Giovanni Magherini Graziani's Story in Weird Tales
"Fioraccio" (Oct. 1934)

Further Reading
Giovanni Magherini Graziani's work is still available in Italian-language facsimile reprints and as print-on-demand books. Here's hoping for a translation into English sometime soon. Incidentally, this may be the only biography of Magherini Graziani in English.

Notes
(1) Weird Tales indexers Sheldon Jaffery and Fred Cook hyphenated Magherini Graziani's surnames, presumably because that's how his byline originally appeared in the magazine. I have not seen the names hyphenated anywhere else except in Modern Ghosts (1890), the presumed source of the translation used by Weird Tales in its reprinting of October 1934. Significantly, the plaque placed in honor of him in his hometown does not hyphenate his name. Also, it's interesting that a bibliophile would marry a woman with the family name Libri, i.e., "books." Lastly, some sources erroneously give Magherini Graziani’s birth year as 1892.
(2) Città di Castello is also the hometown of actress Monica Bellucci (b. 1964), who has appeared in genre films such as Bram Stoker's Dracula (1992), Brotherhood of the Wolf (2001), The Matrix Reloaded (2003), The Brothers Grimm (2005), and The Sorcerer's Apprentice (2010). "The Sorcerer's Apprentice" and works by Bram Stoker also appeared of course in Weird Tales.
(3) By the way, George William Curtis (1824-1892) hailed from H.P. Lovecraft's home city of Providence. Curtis died in the same month Lovecraft turned two years old.
(4) I wrote about the book Modern Ghosts (1890) last week. Its contents: "Introduction" by George William Curtis; "The Horla" by Guy de Maupassant [reprinted in Weird Tales, Aug. 1926]; "Siesta" by Alexander L. Kielland [WT, Nov. 1930]; "The Tall Woman" by Pedro Antonio de Alarcón [WT, Feb. 1929]; "On The River" by Guy de Maupassant [WT, Feb./Mar. 1931]; "Maese Pérez, the Organist" by Gustavo Adolfo Becquer [WT, June 1934]; "Fioraccio" by Giovanni Magherini-Graziani [WT, Oct. 1934]; and "The Silent Woman" by Leopold Kompert. I don't know why Weird Tales didn’t reprint the story by Leopold Kompert (1822-1886). An odd fact leads to a possible explanation: Weird Tales reprinted the stories from Modern Ghosts almost exactly in the order in which they appeared in the book. "Fioraccio" was the last to be reprinted. "The Silent Woman" may simply have been forgotten.
(5) "The Old Enemy" would appear to be a nickname or euphemism for the devil.

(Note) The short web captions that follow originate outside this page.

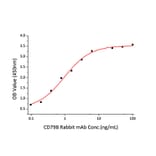 Standard Curve - Recombinant Human CD79b Protein (C-terminal Human Fc Tag) (A330398) - Antibodies.com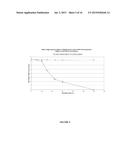 INACTIVATION OF GRAM-POSITIVE BACTERIA diagram and image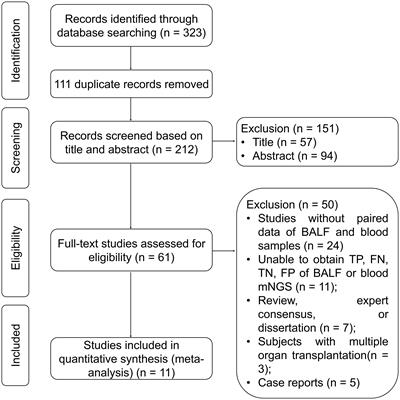 Comparison between metagenomic next-generation sequencing in bronchoalveolar lavage fluid and blood for the diagnostic performance of respiratory tract infection: a meta-analysis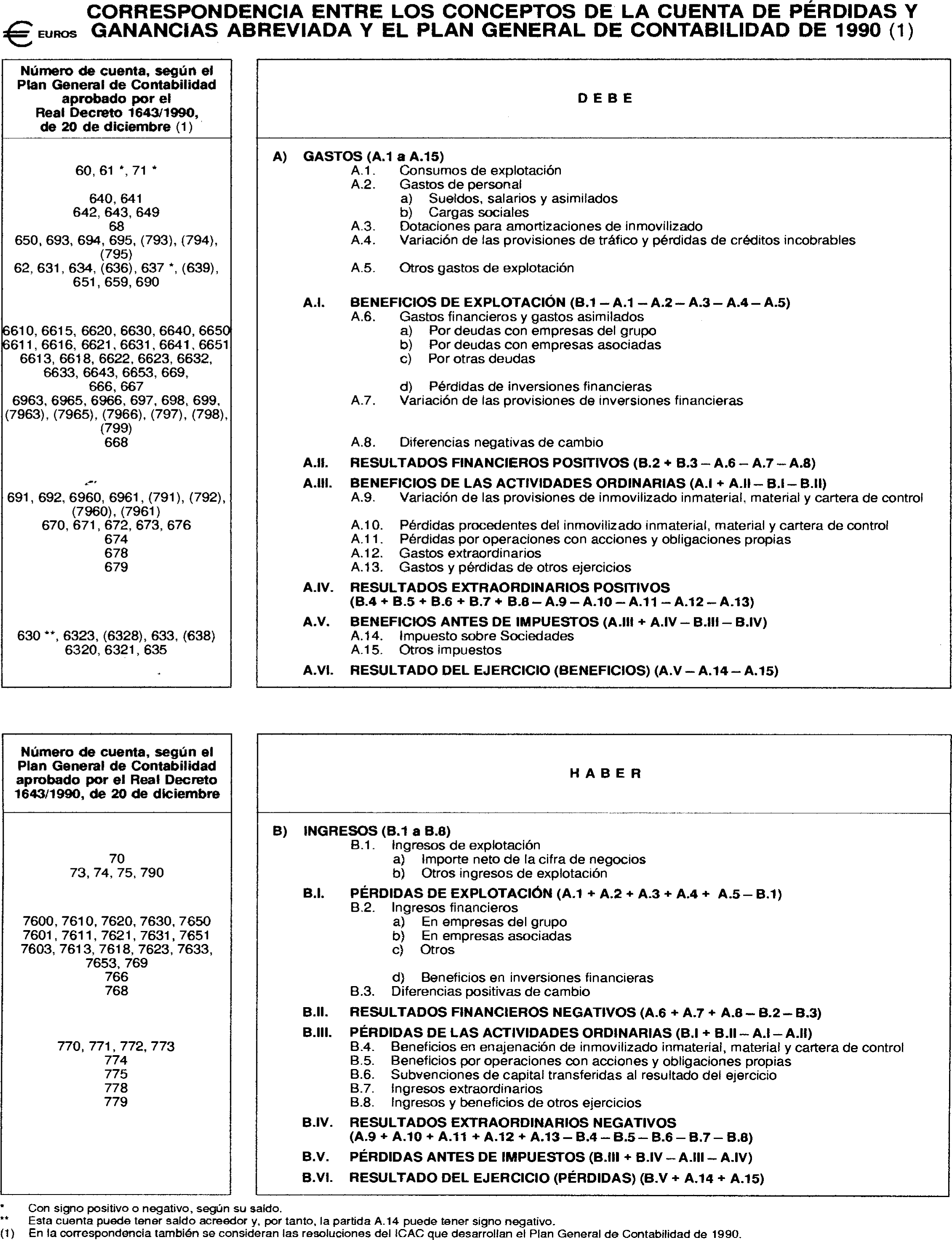 Imagen: /datos/imagenes/disp/1999/119/11201_7953577_image13.png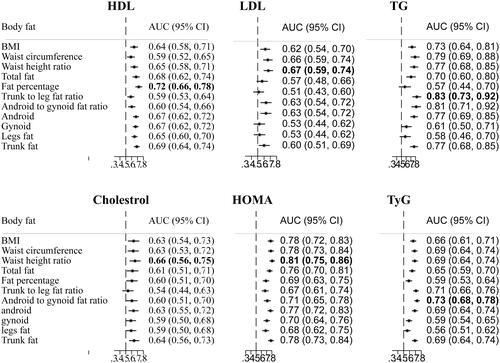 Figure 1 Adjusted area under the ROC curve for body adiposity indicators for predicting selected CM risk factors.Notes: The model used for analysis was adjusted for age and gender. The highest value for each CM risk is highlighted in bold.Abbreviations: AUC, Under area receiver operating characteristic (ROC) curve; CM, cardiometabolic; CI, confidence interval; BMI, Body mass index; TG, Triglycerides; HDL, High density lipoprotein cholesterol; LDL, low density lipoprotein cholesterol; HOMA, Homeostatic model assessment; TyG, triglycerides and glucose index.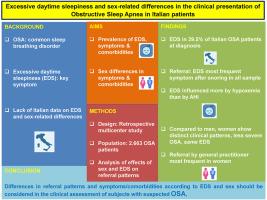 Excessive daytime sleepiness and sex-related differences in the clinical presentation of obstructive sleep apnea in Italian patients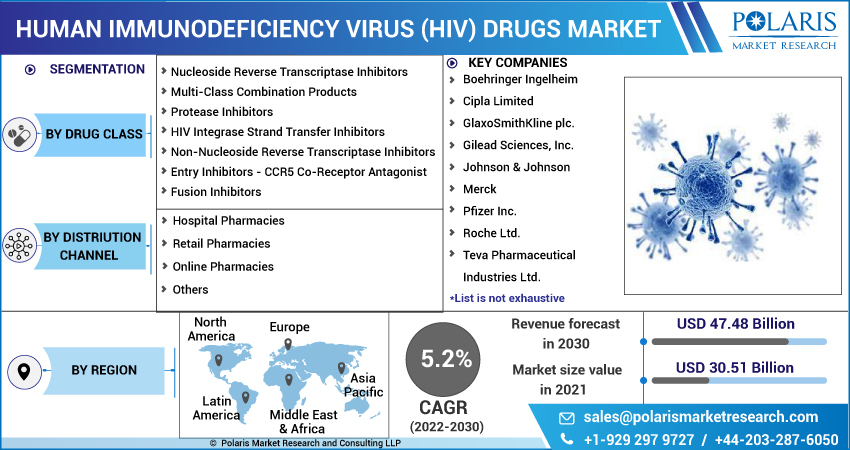 Human Immunodeficiency Virus (HIV) Drugs Market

Lo Sposalizio, a painting by Raffaello completed in 1504 for a church in Città di Castello and now at the the Pinacoteca di Brera in Milano (Milan). This image is taken from one of the plates in Magherini Graziani's book La prima giovinezza di Raffaello (1927).
A bust and plaque commemorating Giovanni Magherini Graziani's life and work, located in Città di Castello.

Thanks to Contessa Francesca di Colloredo Mels di Montalbano for translations and background on Italian history, language, and culture. Any errors contained on this page are my own.